## Task item:
For the material that follows, return exactly the lines from the one with "Nordic Line :: Leah" through the one with "Oreunik - 45L", both ends included.

=== Section Start ===

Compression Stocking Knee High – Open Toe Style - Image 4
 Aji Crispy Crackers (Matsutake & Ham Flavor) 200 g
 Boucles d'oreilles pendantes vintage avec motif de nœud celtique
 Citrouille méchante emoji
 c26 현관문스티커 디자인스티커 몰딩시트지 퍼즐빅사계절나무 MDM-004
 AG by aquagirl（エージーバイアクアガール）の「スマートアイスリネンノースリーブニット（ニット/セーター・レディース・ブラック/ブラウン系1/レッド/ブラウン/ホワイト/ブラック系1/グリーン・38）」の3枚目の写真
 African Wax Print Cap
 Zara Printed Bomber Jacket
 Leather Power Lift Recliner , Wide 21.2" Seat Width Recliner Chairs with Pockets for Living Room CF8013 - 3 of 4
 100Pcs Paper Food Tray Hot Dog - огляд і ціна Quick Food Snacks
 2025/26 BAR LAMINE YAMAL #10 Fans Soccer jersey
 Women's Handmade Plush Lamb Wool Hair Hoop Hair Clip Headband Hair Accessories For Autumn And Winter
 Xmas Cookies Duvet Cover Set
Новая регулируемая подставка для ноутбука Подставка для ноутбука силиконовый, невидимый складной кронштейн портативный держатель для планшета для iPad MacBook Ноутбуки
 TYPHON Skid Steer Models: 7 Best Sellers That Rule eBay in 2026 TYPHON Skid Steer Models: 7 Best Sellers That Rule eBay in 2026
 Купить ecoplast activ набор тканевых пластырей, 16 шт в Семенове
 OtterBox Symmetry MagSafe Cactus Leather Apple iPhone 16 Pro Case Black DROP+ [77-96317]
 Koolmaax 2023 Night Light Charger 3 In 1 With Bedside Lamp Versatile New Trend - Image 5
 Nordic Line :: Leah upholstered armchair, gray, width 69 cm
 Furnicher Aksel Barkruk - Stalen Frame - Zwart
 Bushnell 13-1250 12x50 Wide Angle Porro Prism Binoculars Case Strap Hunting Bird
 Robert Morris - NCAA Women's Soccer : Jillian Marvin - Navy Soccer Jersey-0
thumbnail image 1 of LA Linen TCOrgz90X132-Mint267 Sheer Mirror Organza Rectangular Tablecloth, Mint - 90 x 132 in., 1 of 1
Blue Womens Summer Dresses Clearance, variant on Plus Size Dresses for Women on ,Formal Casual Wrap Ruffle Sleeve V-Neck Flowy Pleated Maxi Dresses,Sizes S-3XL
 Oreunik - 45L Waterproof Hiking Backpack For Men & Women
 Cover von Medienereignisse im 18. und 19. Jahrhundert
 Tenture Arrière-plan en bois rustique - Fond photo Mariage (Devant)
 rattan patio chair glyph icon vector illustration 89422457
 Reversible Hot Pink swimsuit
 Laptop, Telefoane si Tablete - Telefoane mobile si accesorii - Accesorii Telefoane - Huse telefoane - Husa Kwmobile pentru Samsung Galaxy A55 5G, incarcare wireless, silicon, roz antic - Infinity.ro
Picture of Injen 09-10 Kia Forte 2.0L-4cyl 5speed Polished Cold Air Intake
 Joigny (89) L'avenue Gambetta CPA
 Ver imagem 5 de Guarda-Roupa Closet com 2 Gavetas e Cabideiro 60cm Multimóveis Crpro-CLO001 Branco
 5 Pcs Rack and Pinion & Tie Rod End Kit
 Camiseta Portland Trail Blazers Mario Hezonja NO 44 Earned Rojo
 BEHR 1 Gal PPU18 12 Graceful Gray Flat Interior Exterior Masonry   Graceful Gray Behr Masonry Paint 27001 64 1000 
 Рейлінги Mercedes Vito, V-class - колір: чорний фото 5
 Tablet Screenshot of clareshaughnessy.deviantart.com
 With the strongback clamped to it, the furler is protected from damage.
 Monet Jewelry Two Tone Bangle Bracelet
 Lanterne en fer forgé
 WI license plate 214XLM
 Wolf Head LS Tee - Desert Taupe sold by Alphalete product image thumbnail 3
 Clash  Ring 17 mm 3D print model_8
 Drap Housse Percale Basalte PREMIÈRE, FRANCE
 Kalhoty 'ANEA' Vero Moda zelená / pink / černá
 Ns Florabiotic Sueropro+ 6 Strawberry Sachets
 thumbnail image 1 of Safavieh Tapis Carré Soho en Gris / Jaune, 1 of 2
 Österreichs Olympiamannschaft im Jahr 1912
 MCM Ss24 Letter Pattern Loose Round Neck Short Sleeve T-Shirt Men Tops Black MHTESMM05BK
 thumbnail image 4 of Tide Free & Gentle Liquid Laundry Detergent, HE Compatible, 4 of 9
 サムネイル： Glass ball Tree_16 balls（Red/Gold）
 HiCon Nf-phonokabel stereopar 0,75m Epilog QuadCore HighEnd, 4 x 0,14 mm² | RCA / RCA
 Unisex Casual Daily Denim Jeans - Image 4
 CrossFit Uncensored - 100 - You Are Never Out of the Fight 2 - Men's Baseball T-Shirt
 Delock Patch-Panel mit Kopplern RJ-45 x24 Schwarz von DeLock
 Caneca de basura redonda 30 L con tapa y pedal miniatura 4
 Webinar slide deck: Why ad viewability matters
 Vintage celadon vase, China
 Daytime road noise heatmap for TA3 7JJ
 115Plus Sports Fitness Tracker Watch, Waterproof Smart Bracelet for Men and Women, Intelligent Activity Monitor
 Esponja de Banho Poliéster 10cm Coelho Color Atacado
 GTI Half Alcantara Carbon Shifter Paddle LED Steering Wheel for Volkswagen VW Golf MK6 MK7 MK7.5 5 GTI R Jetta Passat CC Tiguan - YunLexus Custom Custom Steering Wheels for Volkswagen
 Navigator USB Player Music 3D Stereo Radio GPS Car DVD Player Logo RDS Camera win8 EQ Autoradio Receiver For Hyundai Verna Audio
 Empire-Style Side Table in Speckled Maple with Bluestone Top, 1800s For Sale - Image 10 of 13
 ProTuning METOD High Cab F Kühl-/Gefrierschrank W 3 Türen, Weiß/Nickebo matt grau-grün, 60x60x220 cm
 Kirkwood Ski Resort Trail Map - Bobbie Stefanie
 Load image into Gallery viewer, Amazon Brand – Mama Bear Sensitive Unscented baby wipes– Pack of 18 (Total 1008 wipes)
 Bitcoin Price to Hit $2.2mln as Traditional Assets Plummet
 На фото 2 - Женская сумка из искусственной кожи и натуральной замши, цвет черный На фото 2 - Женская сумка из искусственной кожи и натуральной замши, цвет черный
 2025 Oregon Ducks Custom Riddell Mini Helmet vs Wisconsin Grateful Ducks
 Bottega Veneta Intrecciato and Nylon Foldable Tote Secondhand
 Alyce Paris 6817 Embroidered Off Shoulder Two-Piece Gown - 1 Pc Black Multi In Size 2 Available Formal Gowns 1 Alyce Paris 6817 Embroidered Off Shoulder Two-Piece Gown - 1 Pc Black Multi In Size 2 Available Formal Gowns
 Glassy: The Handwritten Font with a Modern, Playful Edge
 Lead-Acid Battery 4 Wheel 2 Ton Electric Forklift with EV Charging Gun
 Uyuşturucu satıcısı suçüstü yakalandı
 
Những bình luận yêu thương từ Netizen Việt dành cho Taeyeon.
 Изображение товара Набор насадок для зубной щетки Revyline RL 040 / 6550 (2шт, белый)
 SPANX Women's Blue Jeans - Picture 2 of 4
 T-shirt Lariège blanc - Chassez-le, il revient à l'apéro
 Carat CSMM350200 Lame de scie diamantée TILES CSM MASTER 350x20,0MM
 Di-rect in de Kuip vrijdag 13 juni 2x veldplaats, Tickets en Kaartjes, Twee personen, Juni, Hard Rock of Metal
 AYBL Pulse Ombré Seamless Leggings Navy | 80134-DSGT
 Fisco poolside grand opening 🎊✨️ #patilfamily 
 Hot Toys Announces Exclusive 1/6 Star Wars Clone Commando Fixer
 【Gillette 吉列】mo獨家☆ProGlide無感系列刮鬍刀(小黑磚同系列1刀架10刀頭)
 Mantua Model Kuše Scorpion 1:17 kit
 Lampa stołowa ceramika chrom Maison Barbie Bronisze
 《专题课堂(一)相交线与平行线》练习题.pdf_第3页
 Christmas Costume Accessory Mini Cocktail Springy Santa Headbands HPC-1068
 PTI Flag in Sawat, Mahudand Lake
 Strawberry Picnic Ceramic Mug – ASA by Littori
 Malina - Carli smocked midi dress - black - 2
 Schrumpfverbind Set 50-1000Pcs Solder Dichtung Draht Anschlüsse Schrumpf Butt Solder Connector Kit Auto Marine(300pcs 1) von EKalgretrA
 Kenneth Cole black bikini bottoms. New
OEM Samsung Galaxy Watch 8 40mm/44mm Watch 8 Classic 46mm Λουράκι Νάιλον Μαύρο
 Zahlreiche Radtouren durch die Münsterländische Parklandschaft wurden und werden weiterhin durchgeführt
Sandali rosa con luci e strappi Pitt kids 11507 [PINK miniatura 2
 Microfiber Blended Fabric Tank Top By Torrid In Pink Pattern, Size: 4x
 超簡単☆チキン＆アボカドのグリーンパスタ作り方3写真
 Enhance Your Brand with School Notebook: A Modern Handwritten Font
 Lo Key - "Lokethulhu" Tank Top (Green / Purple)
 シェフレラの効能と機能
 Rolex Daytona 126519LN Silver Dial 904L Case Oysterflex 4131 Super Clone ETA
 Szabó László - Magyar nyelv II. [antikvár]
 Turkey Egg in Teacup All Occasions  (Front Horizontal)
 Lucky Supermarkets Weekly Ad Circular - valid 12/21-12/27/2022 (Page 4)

=== Section End ===

## Solved problem:
 Nordic Line :: Leah upholstered armchair, gray, width 69 cm
 Furnicher Aksel Barkruk - Stalen Frame - Zwart
 Bushnell 13-1250 12x50 Wide Angle Porro Prism Binoculars Case Strap Hunting Bird
 Robert Morris - NCAA Women's Soccer : Jillian Marvin - Navy Soccer Jersey-0
thumbnail image 1 of LA Linen TCOrgz90X132-Mint267 Sheer Mirror Organza Rectangular Tablecloth, Mint - 90 x 132 in., 1 of 1
Blue Womens Summer Dresses Clearance, variant on Plus Size Dresses for Women on ,Formal Casual Wrap Ruffle Sleeve V-Neck Flowy Pleated Maxi Dresses,Sizes S-3XL
 Oreunik - 45L Waterproof Hiking Backpack For Men & Women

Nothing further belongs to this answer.